How to destroy your company in 10 easy steps [Part 1]

Part one in a series. If you are looking for the best ways to absolutely decimate your company, look no further. Regardless of where you are starting, our 10-step process can take you from a top performing company to the bottom of the barrel.

Part 1: Focus on money and not product

It doesn't matter what industry you are in, what your product is, or how you sell that product, your product is what makes you money. Now, you have two choices in business when it comes to your product, you can either focus on making the best product you can, regardless of what your competition, or even the rest of the world is doing, or you can focus on wringing every last drop of revenue out of your customer base by adding support contracts, fees, and other revenue streams. 

A great example of this comes from when I was working to integrate my site to an API. I was excited to have a robust, well-documented API at the ready, but when it came time for me to connect, I was informed that in order to use the API I would need to pay an "access fee" for each endpoint I wanted to use. To be sure it was only $500 per endpoint, but I needed to access 10 endpoints. Fortunately for the company that managed the API, I was able to find another provider that offered a similar product, with free access, and I moved my software to their platform. This allowed the initial company to continue their slide into bankruptcy and irrelevancy.

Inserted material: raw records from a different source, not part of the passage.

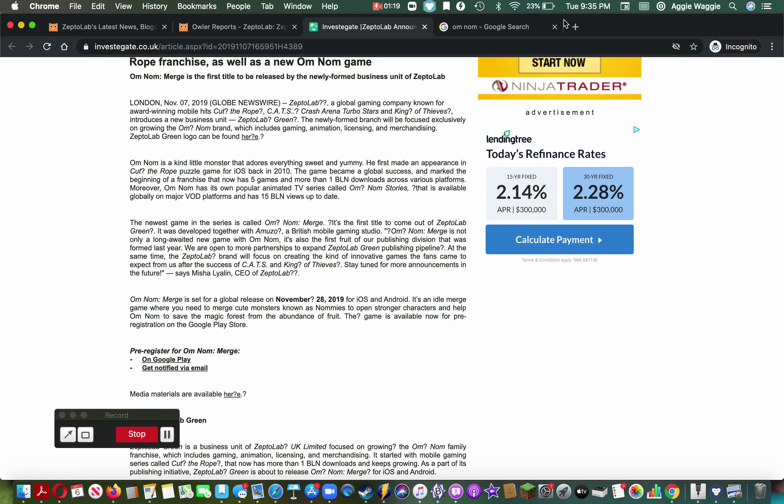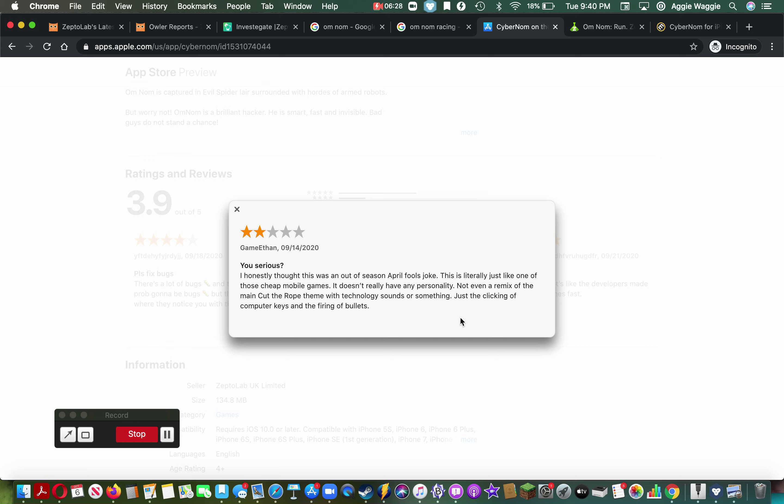I actually opened the game, and like a lot of these games there's no audio, so it feels really unpolished. There's no tutorial. It says 'Made with Unity' at the beginning, meaning they didn't pay for that. And if you look at the reviews for Cyber Nom — one guy says 'it's like the developers made a bet to make games fast,' and another says 'I honestly thought this was an out-of-season April Fool's joke. This is literally just one of those cheap mobile games.' Because it is — made by ZeptoLab Green, makers of Om Nom Run, Cyber Nom, Om Nom Merge...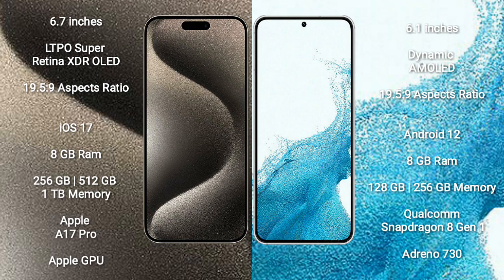iPhone 15 Pro Max comes with 8GB RAM and 256GB, 512GB, or 1TB internal storage, powered by the Apple A17 Pro processor and Apple GPU.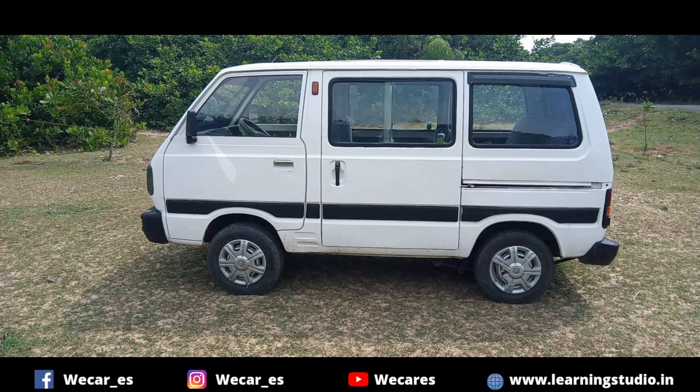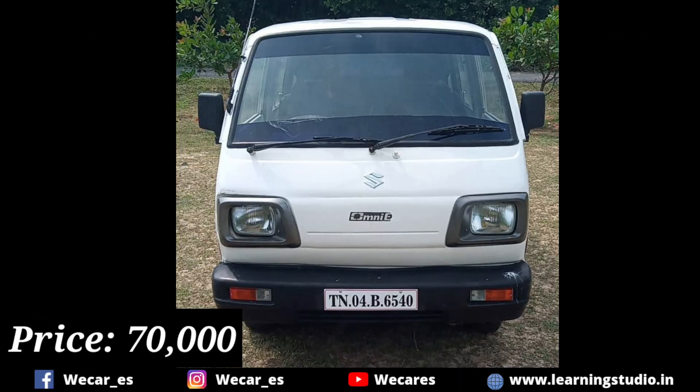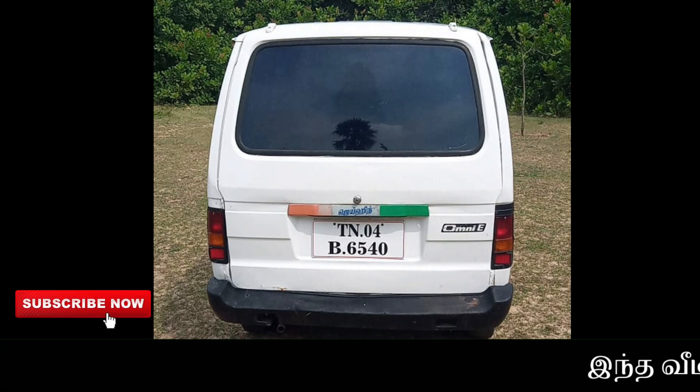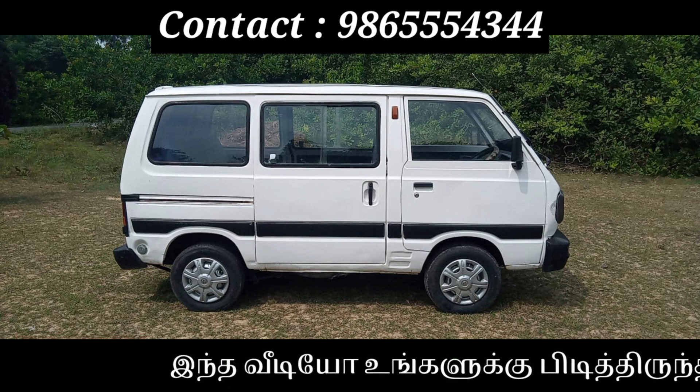If you have a question about the price, you can talk a little bit. You will have the contact number on the screen and in the description.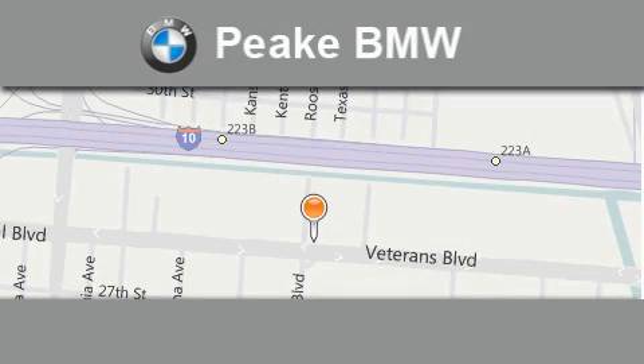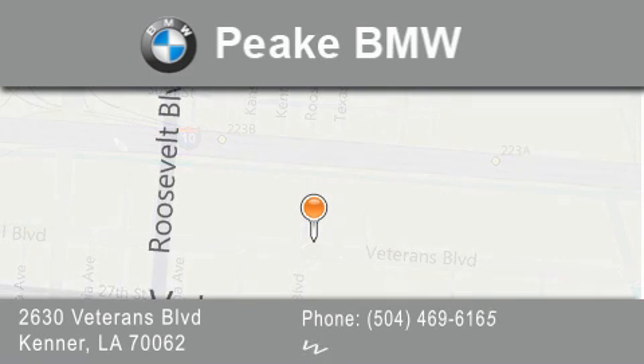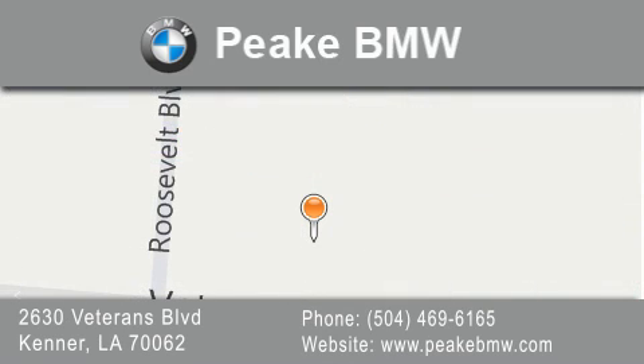Peak BMW is located at 2630 Veterans Boulevard in Kenner. Our goal is to exceed all of your expectations to ensure that you'll return for future visits.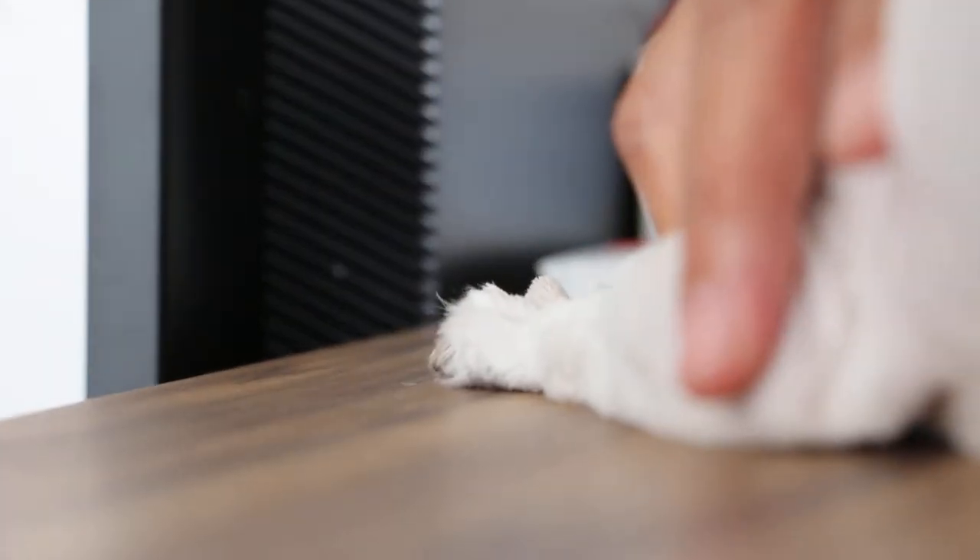Cats also have this problem. I'll hold the tail up and express at 4 o'clock and 8 o'clock positions to check whether there's any inner sac infection. Nothing inside — quite clean.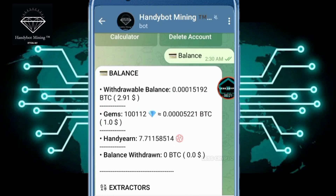Hello everyone, back again with Less Crypto presenting: Telegram bots — real or scam — and the best cryptocurrency. Today I am not giving a review about Handy Bot mining bitcoin, but I will make a direct withdrawal here.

I have found that these kinds of tactics tend to be used by companies with older products that are becoming less and less relevant in the marketplace. Instead of being innovative or creating additional value in their existing products, they look for ways to bleed those products to death. A great example of this was the Linux company named Caldera. Caldera, back in the late 1990's and early 2000's bought SCO Unix and then proceeded to sue customers of SCO that had switched from Sys V Unix to Linux, claiming that Linux had improperly included parts of Sys V in their source code. Of course, The SCO Group (Caldera's new name) refused to divulge what code was infringing, and made grand projections of how much they would make from the lawsuits. When the dust finally cleared, it turned out that The SCO group never really owned the copyrights they were suing over, Novell did, and promptly required The SCO Group to drop their lawsuits. Caldera, which had a decent but not amazing Linux distribution went out of business.

Just a couple of examples of how focusing only on money can help you turn a moderately profitable business into a non-existent business. The problem is that when you are focused only on money you tend to forget the people that make your product and the people that purchase your products. Simon Sinek talks about his two different experiences when visiting an Apple event versus a Microsoft event. At Microsoft, all they talked about was how they were going to beat Apple, while at the Apple event they focused on how their products could help people in their personal and professional lives. 

You can't focus on more than a couple of things at a time in business, so make sure those things are your employees, your products, and your customers. Your employees because they create, build, and sell your products. Your products because they are what you sell, and your customers because they are the ones who, hopefully, want to buy your products.